Entries provided »

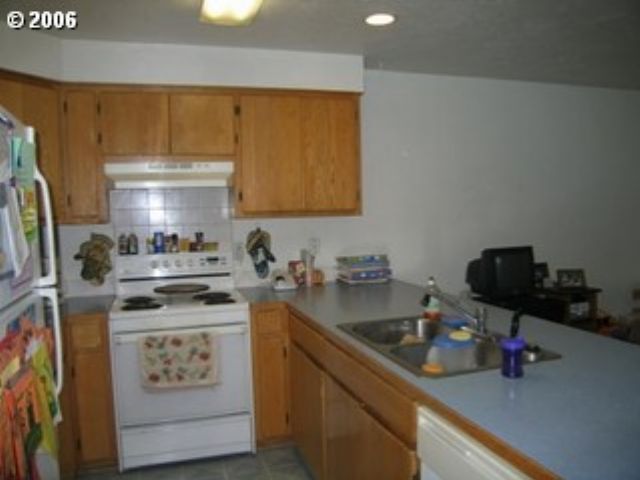 Foto del edificio - Newer 3 bedroom, 1 1/2 bath duplex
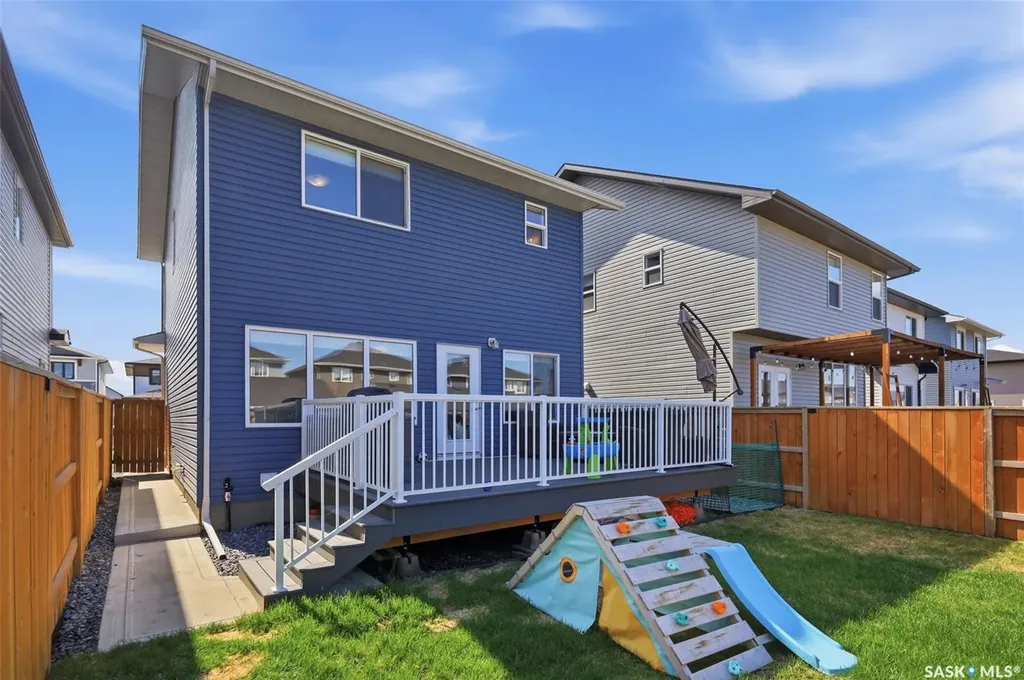 263 Skopik Crescent Saskatoon SK S7V 0V6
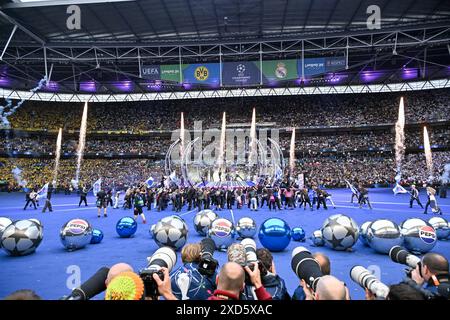 Lenny Kravitz et son groupe donnent un concert d'avant-match avant un match de football entre le Borussia Dortmund allemand et le Real Madrid CF espagnol lors de la finale de l'UEFA Champions League de la saison 2023-24, le dimanche 1er juin 2024 à Londres , Royaume-Uni . PHOTO SPORTPIX | David Catry Banque D'Images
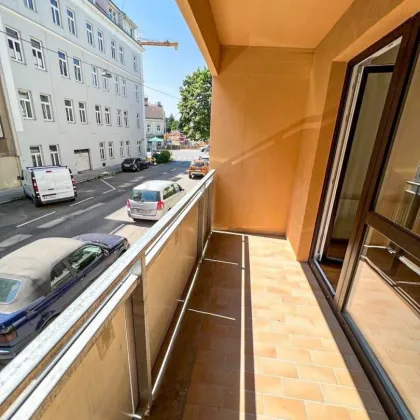 U-Bahn-Nähe! Wohnung mit Loggia! Erstbezug nach Generalsanierung! - Bild 2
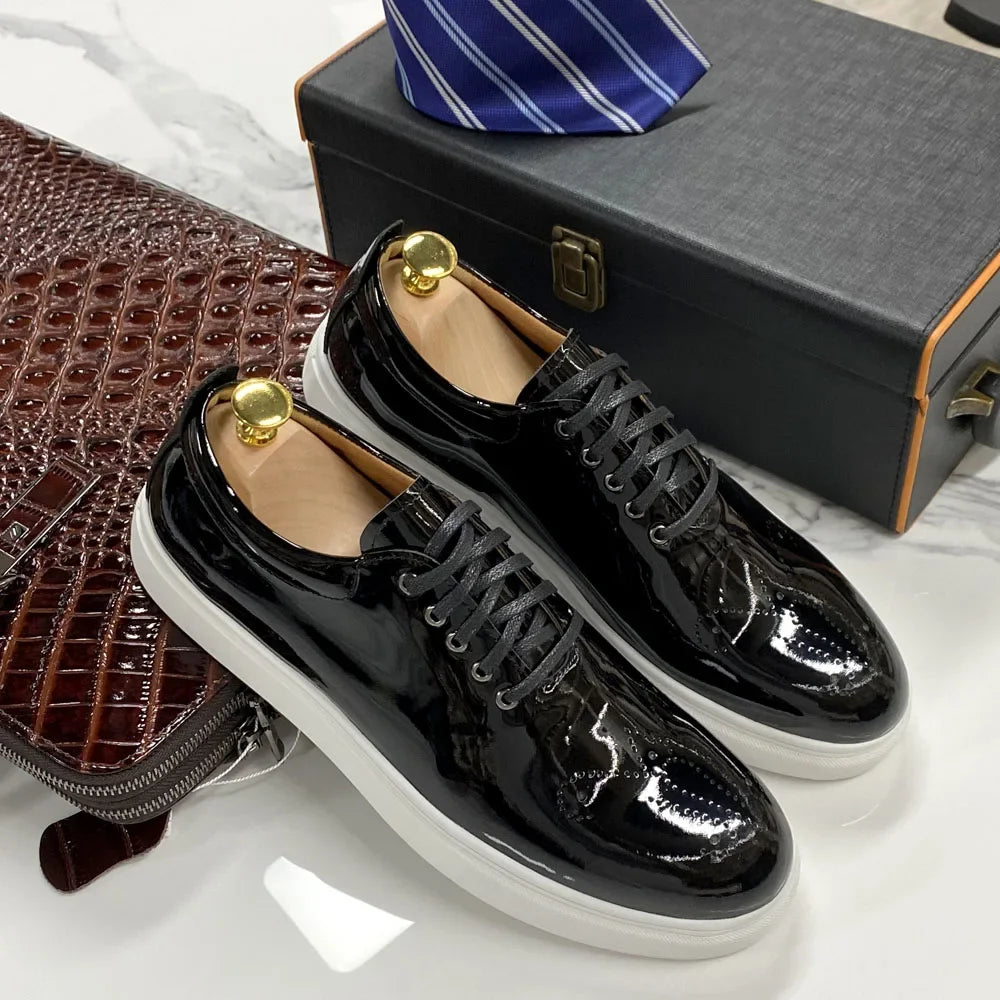 Trendsetting Luxury Casual Lace-Up Comfortable Sneakers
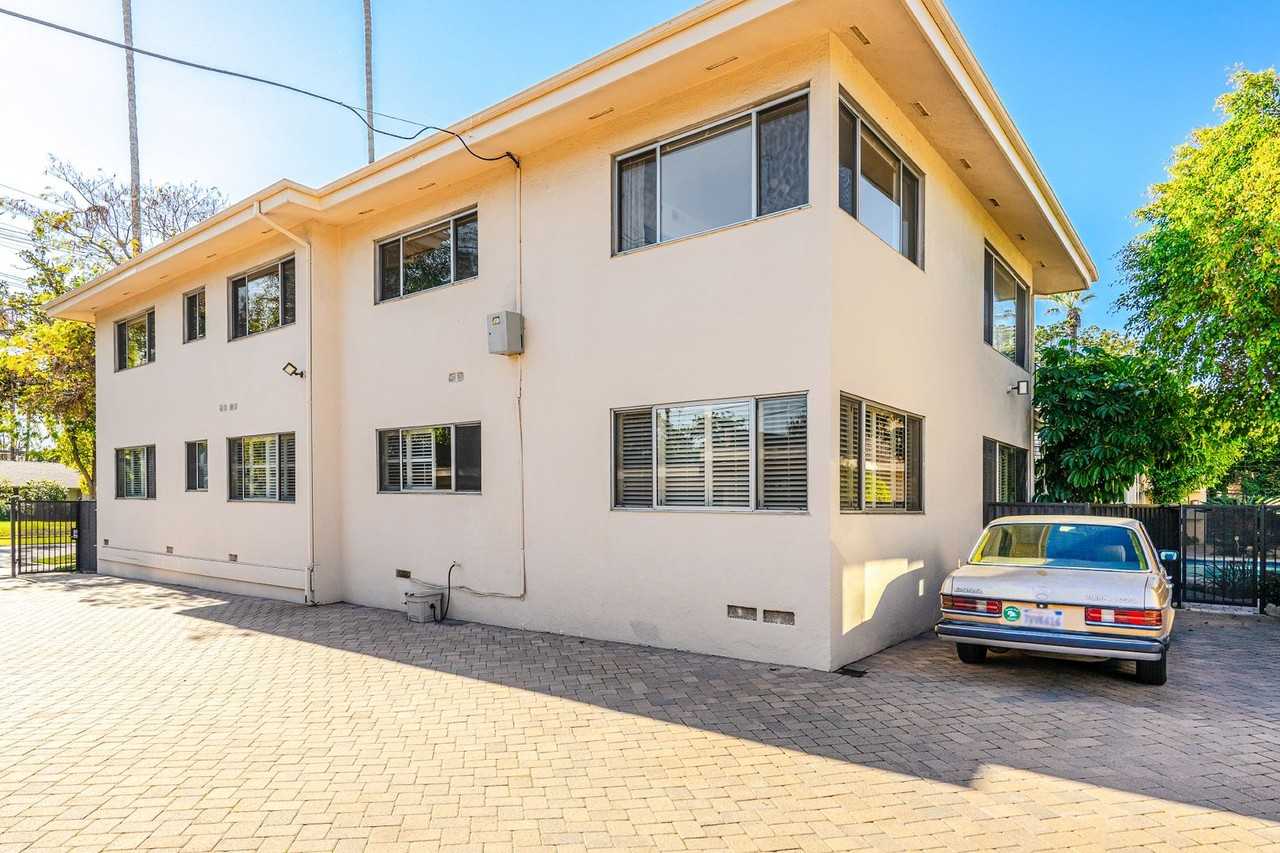 1250 South Orange Grove Boulevard - Photo 4 of 40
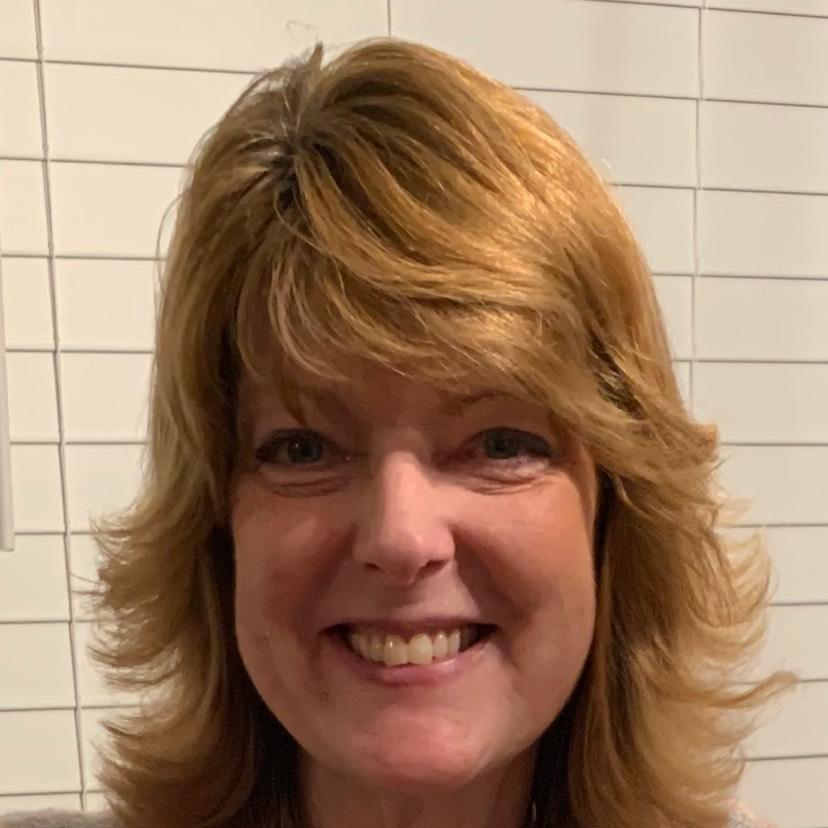 Cindy DeLong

Problem statement » With the images left out, set down each record exactly as it appears.

Solution to the exercise »
 Foto del edificio - Newer 3 bedroom, 1 1/2 bath duplex
 263 Skopik Crescent Saskatoon SK S7V 0V6
 Lenny Kravitz et son groupe donnent un concert d'avant-match avant un match de football entre le Borussia Dortmund allemand et le Real Madrid CF espagnol lors de la finale de l'UEFA Champions League de la saison 2023-24, le dimanche 1er juin 2024 à Londres , Royaume-Uni . PHOTO SPORTPIX | David Catry Banque D'Images
 U-Bahn-Nähe! Wohnung mit Loggia! Erstbezug nach Generalsanierung! - Bild 2
 Trendsetting Luxury Casual Lace-Up Comfortable Sneakers
 1250 South Orange Grove Boulevard - Photo 4 of 40
 Cindy DeLong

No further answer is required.